The Philippine Stock Exchange Index may drop as much as 4.3 percent to 6,500, Fitzgerald Aclan, a vice president in the money management unit of BDO Unibank Inc., which oversees about $18 billion, said in an interview. Metropolitan Bank & Trust Co.’s Allan Yu has been selling on days when the market rallies. Estelito Biacora, the chief investment officer at Bank of the Philippine Islands, is cutting positions in top performers while adding to laggards in consumer industries.
The price-to-earnings ratio for the Philippine equity gauge climbed to a 79 percent premium over the MSCI EM Asia Index this month, propelled by $959 million of inflows from foreign investors since December. That rally is now showing signs of faltering, with the Philippine index slipping 1.9 percent from its intraday high on May 20.
“I don’t think the premium will be sustainable,” said Biacora, who helps oversee about $14 billion in Manila. “We have been unloading a bit, reducing those stocks that have rallied a lot.”
The Philippine index has advanced 18 percent from an August low, approaching the 20 percent threshold that signals a bull market. The measure’s valuation climbed to about 21 times reported earnings, more than 30 percent higher than the five- year average. The MSCI EM Asia gauge trades at a multiple of 13, data compiled by Bloomberg show.

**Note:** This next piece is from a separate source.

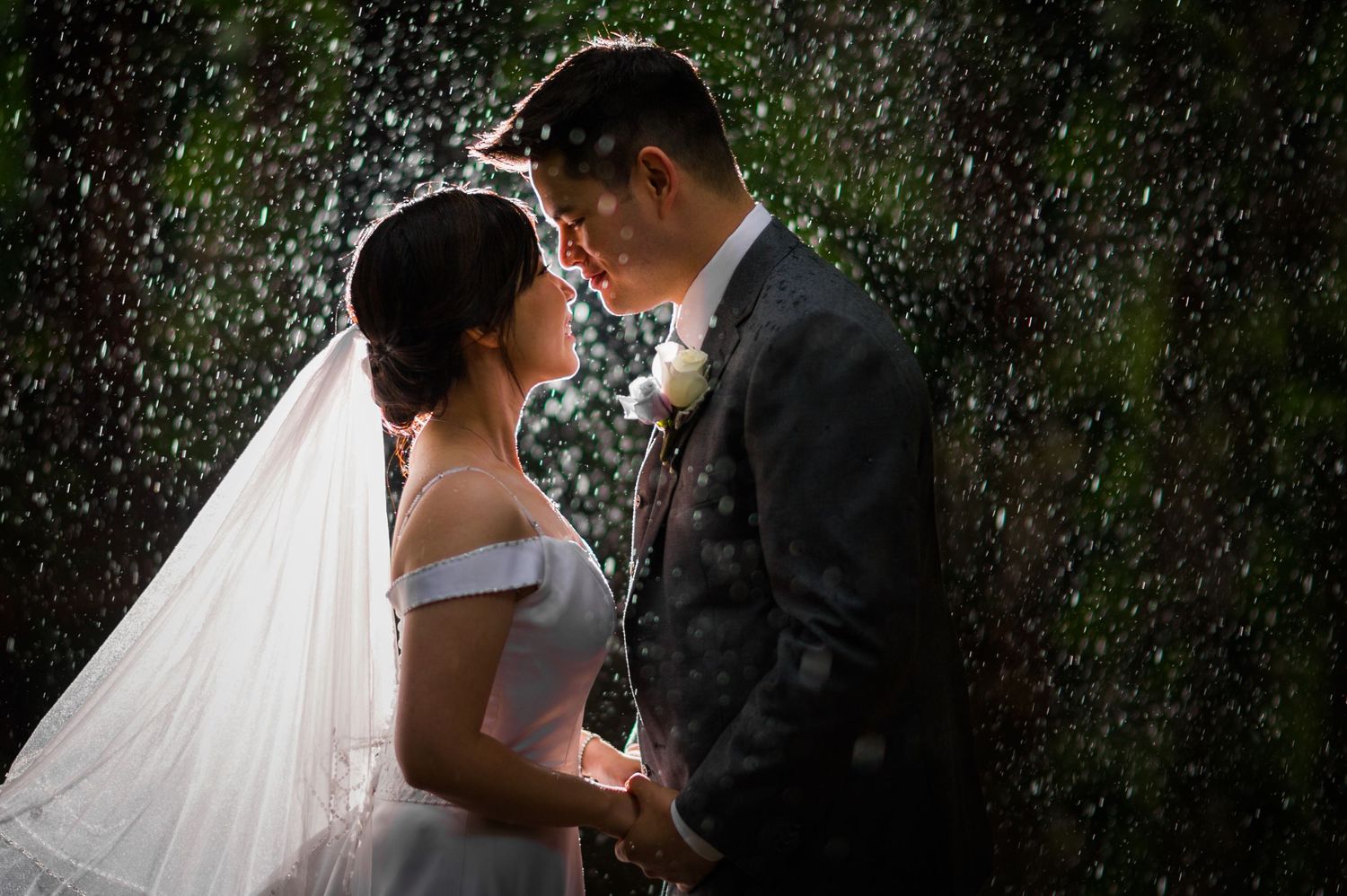 A romantic wedding portrait captured in the rain with falling water droplets.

“Had it not been for foreign buying, we would have corrected much sooner,” said Yu, a first vice president at Metrobank. “Foreign buying is expected to continue, but the market is in need of a breather.”
The Philippine Stock Exchange Index fell 0.2 percent to 6,780.26 at the 3:30 p.m. close of trading in Manila today, its third straight day of losses, the longest losing streak in four weeks.
All three money managers predict the retreat in stocks will be short-lived as the nation’s improving economic health lures overseas investors. The economy capped its biggest two-year expansion since the 1950s in 2013 as benchmark interest rates stayed at a record lows, while the government won a credit- rating upgrade from Standard & Poor’s this month.
As record infrastructure spending plans fuel projected economic growth of 7.5 percent, the index may rebound to 7,100 by the end of the year, according to Yu. He plans to buy consumer and property stocks to position for the rally.
“There will be a consolidation towards the 6,500 level in the near term, but the long-term bullish scenario remains intact,” Aclan said in a phone interview from Manila.
The Philippine index’s valuation is approaching a high of 22 times reported earnings reached in May 2013. The gauge lost more than 20 percent from that level through August amid concern that reduced bond purchases by the U.S. Federal Reserve would deter investors from buying emerging-market assets.
Companies in the benchmark index posted an aggregate 21 percent drop in first-quarter earnings, trailing analyst estimates by 3.2 percent, according to data compiled by Bloomberg. That compares with profit growth of 4.1 percent for the MSCI EM Asia index.
“In terms of valuation, we are among the most expensive in the region and the earnings we have seen indicate we are not due for upgrades yet,” Yu said. “Investors should ease up on stocks that have outperformed and are overvalued.”